So I’ve been getting a lot of friends asking me how they can get savvy on Linux lately. I partially blame Microsoft and Apple both. Microsoft has done a great job lately of actively discouraging Windows adoption (Windows 8, amirite??) while Apple has rode a wave of success on OS X as their often best-in-class laptops have become widely adopted. Here’s my favorite ugly truth about OS X: it’s Linux. Don’t tell anybody, we don’t want to scare them, but that terminal app? Yup. While it has gotten a lot better since the PowerPC days, OS X still needs you to open a terminal window every now and then… and how seductively powerful it is once you start learning a little. Then, one drunken night, you pop open your terminal or download Ubuntu onto a thumb drive and say:
“Fuck it. We’re doing this.”
It’s okay. We’ve all been there. Don’t panic. Try typing this:
ls. Alright, now you know where you are. Let’s stop pretending we’re kids smashing papers into folders on our Dad’s desktop and generally making a mess of ourselves, okay? You see files and directories.
Now try this: type
cd Desktop and hit enter. Wow. That wasn’t very exciting. The prompt now says Desktop in it. Try that
ls command again. Different stuff, huh? All that crap that you’ve been pulling out of e-mails and web sites that you hadn’t gotten around to putting anywhere better, right? Now go back up one level by typing
cd ... Where are you?
The same fucking place you started at. Boom. Now try this piece of magic: Type
cd De and hit
Tab. Did it figure out what you actually wanted to type? Maybe finished typing the word Desktop for you?

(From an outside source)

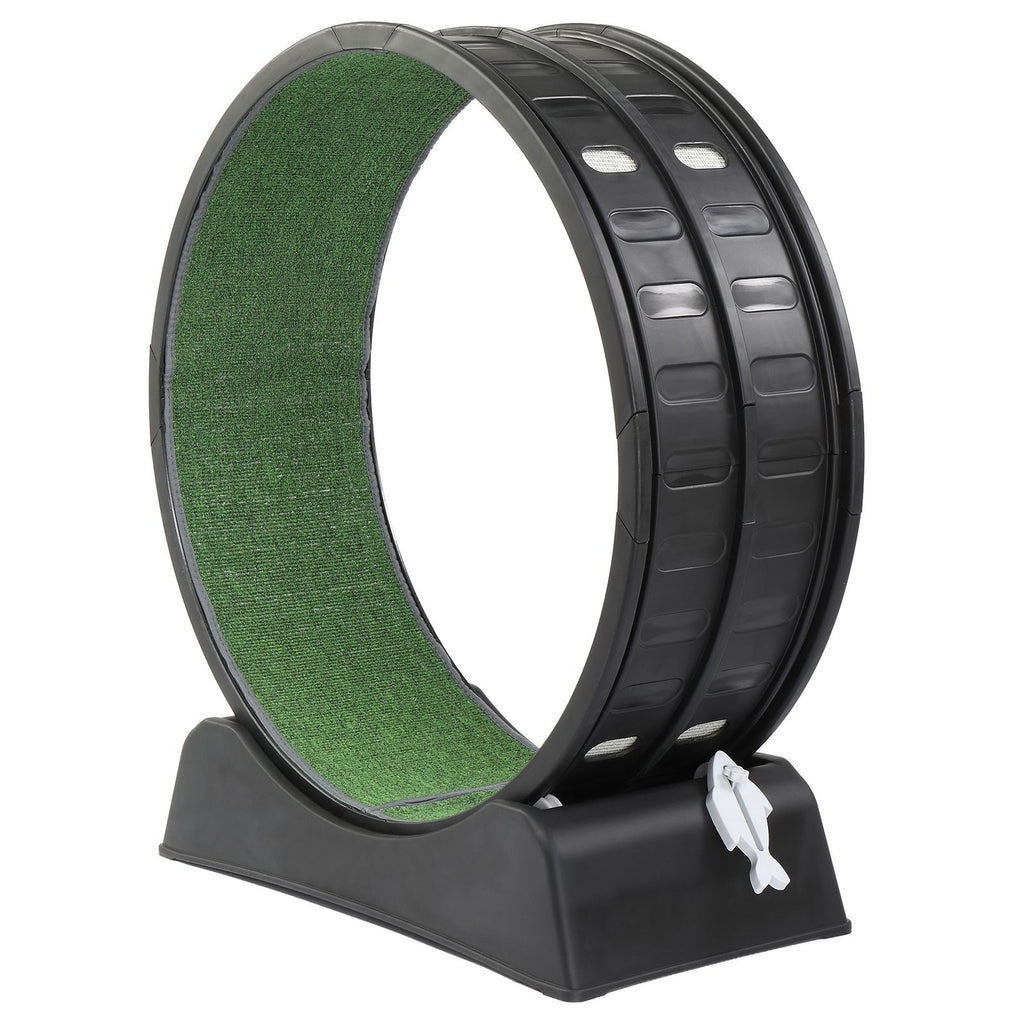 Quiet Cat Exercise Wheel with Safety Lock and Removable Pad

Have you caught the fever, yet? I’m not going to tell you how to do everything. That’s not really the point of this. I want to give you some tricks on how you can learn more.

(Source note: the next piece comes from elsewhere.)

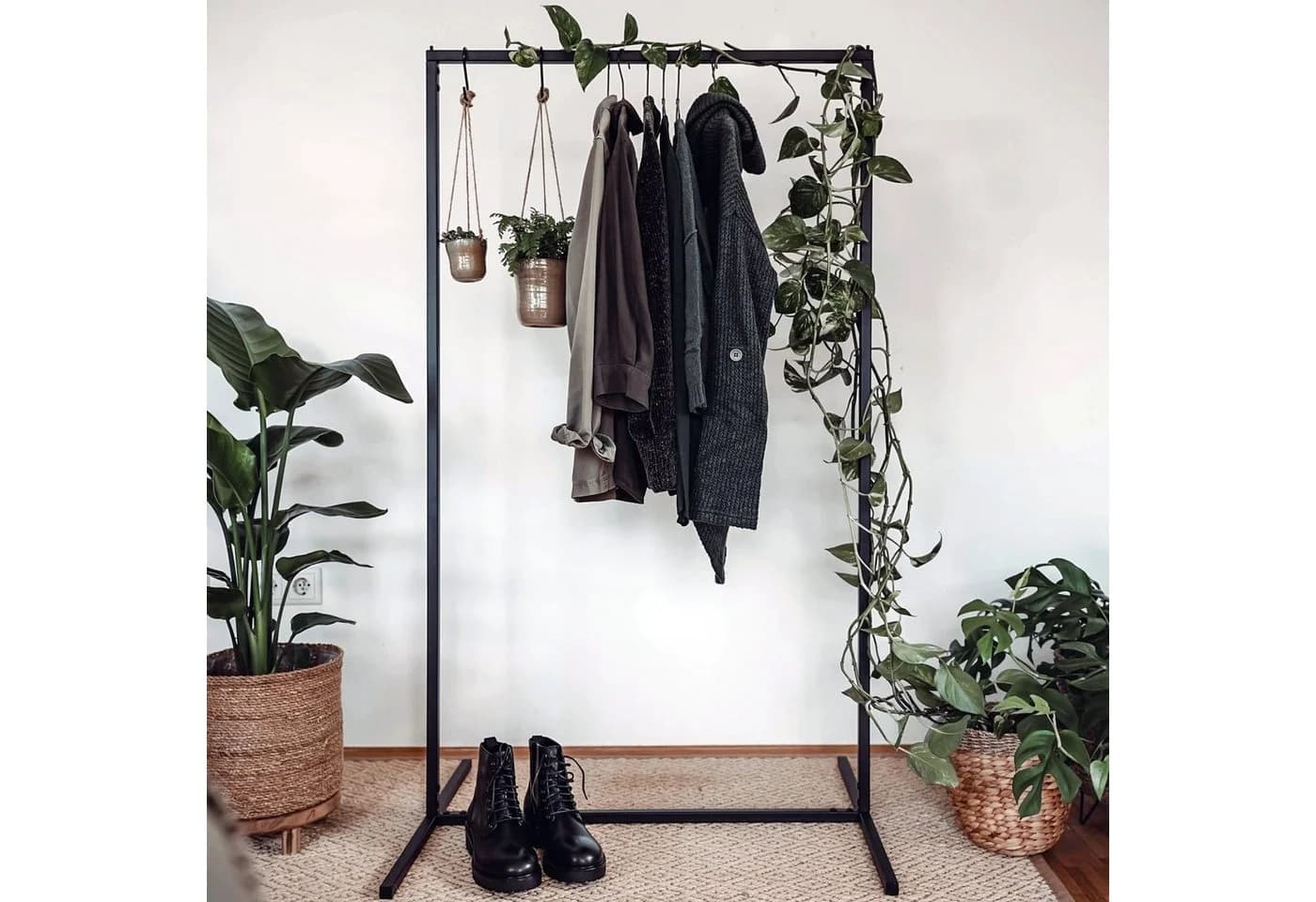 Natural Goods Berlin Kleiderständer RECHTECK Weiß Stahl - Bild 2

Discipline. If you have a system like OS X or Linux (with a GUI), keep a terminal window open. When you need to do anything with the file system, figure out how to do it there. Once you learn some program names, start trying to use it as your application launcher. Only reach for the mouse when you have to consult a web site for help.
linuxcommand.org is a fantastic primer. I’m not interested in reinventing their great work. Also, try virtually any command you can give the system followed by a
--help. These are called arguments (not just something you had with your parents as an adolescent). They will also give you some shorthand answers to your questions. If you still have questions, try typing
man command, where command is whatever thing you’re trying to figure out (like
man ls); this will give you the full manual.
Tab it out. The
Tabkey is your friend. It autocompletes commands, filenames, directories, everything. Hit it once and nothing happens, maybe there are multiple things that it could be. It it twice and the terminal should display all of the possibilities. If it doesn’t display anything, you misspelled what you wanted or you want something that doesn’t exist. Either way, it saves you a lot of typing and headaches.
With a bit of practice, you’ll be computing like nobody’s business and ready to write scripts to automate your work and totally hack the planet. Or at least impress your nerd friends with how fast you navigated their Mac’s hard drive to find all of their porn.